Question: How do you use the product to sum formulas to write \[6\sin \left( \dfrac{\pi }{4} \right)\cos \left...

Question

How do you use the product to sum formulas to write $6\sin \left( \dfrac{\pi }{4} \right)\cos \left( \dfrac{\pi }{4} \right)$ as a sum or difference?

Answer 1

Solution

In order to find the solution of the given question that is to use the product to sum formulas to write $6\sin \left( \dfrac{\pi }{4} \right)\cos \left( \dfrac{\pi }{4} \right)$ as a sum or difference apply one of the identities of trigonometry that is named as product of sum formula represented as $2\sin \left( x \right)\cos \left( y \right)=\sin \left( x+y \right)+\sin \left( x-y \right)$ . $\sin \left( 2x \right)=2\sin \left( x \right)\cos \left( x \right)$ and solve the given expression further to get the simplified answer.

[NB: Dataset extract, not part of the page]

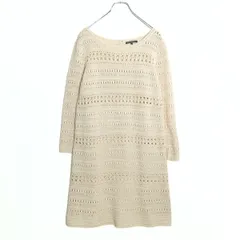 【極美品】23区★上質な雰囲気♪ かぎ針編み風ニットワンピース サイズ40 生成り系 z17911のサムネイル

Complete step by step answer:
According to the question, given expression in the question is as follows:
$6\sin \left( \dfrac{\pi }{4} \right)\cos \left( \dfrac{\pi }{4} \right)$
$\Rightarrow 3\left( 2\sin \left( \dfrac{\pi }{4} \right)\cos \left( \dfrac{\pi }{4} \right) \right)$
Applying one of the identities of trigonometry which is named as product of sum formula that is $2\sin \left( x \right)\cos \left( y \right)=\sin \left( x+y \right)+\sin \left( x-y \right)$ in the above expression we get:
$\Rightarrow 3\left( 2\sin \left( \dfrac{\pi }{4} \right)\cos \left( \dfrac{\pi }{4} \right) \right)=3\left( \sin \left( \dfrac{\pi }{4}+\dfrac{\pi }{4} \right)+\sin \left( \dfrac{\pi }{4}-\dfrac{\pi }{4} \right) \right)$
Now simplify the above expression, by solving the bracket outside the above expression, we get:
$\Rightarrow 3\left( 2\sin \left( \dfrac{\pi }{4} \right)\cos \left( \dfrac{\pi }{4} \right) \right)=3\sin \left( \dfrac{\pi }{4}+\dfrac{\pi }{4} \right)+3\sin \left( \dfrac{\pi }{4}-\dfrac{\pi }{4} \right)$
After this simplify the above expression, by solving the bracket of the angle of sine we will have:
$\Rightarrow 3\left( 2\sin \left( \dfrac{\pi }{4} \right)\cos \left( \dfrac{\pi }{4} \right) \right)=3\sin \left( \dfrac{\pi }{2} \right)+3\sin 0$
We know that $\sin \left( 0 \right)=0$ , so applying this result in the above formula we will have:
$\Rightarrow 3\left( 2\sin \left( \dfrac{\pi }{4} \right)\cos \left( \dfrac{\pi }{4} \right) \right)=3\sin \left( \dfrac{\pi }{2} \right)$
Therefore, the given expression $6\sin \left( \dfrac{\pi }{4} \right)\cos \left( \dfrac{\pi }{4} \right)$ is equal to $3\sin \left( \dfrac{\pi }{2} \right)$ .

Note:
There’s an alternative way to solve the above question, which is as follows:
Given expression in the question is as follows:
$6\sin \left( \dfrac{\pi }{4} \right)\cos \left( \dfrac{\pi }{4} \right)$
We can rewrite the above expression as follows:
$\Rightarrow 3\left( 2\sin \left( \dfrac{\pi }{4} \right)\cos \left( \dfrac{\pi }{4} \right) \right)$
Applying one of the identities of trigonometry that is $\sin \left( 2x \right)=2\sin \left( x \right)\cos \left( x \right)$ in the above expression we get:
$\Rightarrow 3\left( 2\sin \left( 2\cdot \dfrac{\pi }{4} \right) \right)$
Now simplify the above expression, by solving the bracket of the angle of sine and the bracket outside the above expression, we get:
$\Rightarrow 3\sin \left( \dfrac{\pi }{2} \right)$
Hence, we can write the final answer as:
$\Rightarrow 3\left( 2\sin \left( \dfrac{\pi }{4} \right)\cos \left( \dfrac{\pi }{4} \right) \right)=3\sin \left( \dfrac{\pi }{2} \right)$
Therefore, the given expression $6\sin \left( \dfrac{\pi }{4} \right)\cos \left( \dfrac{\pi }{4} \right)$ is equal to $3\sin \left( \dfrac{\pi }{2} \right)$ .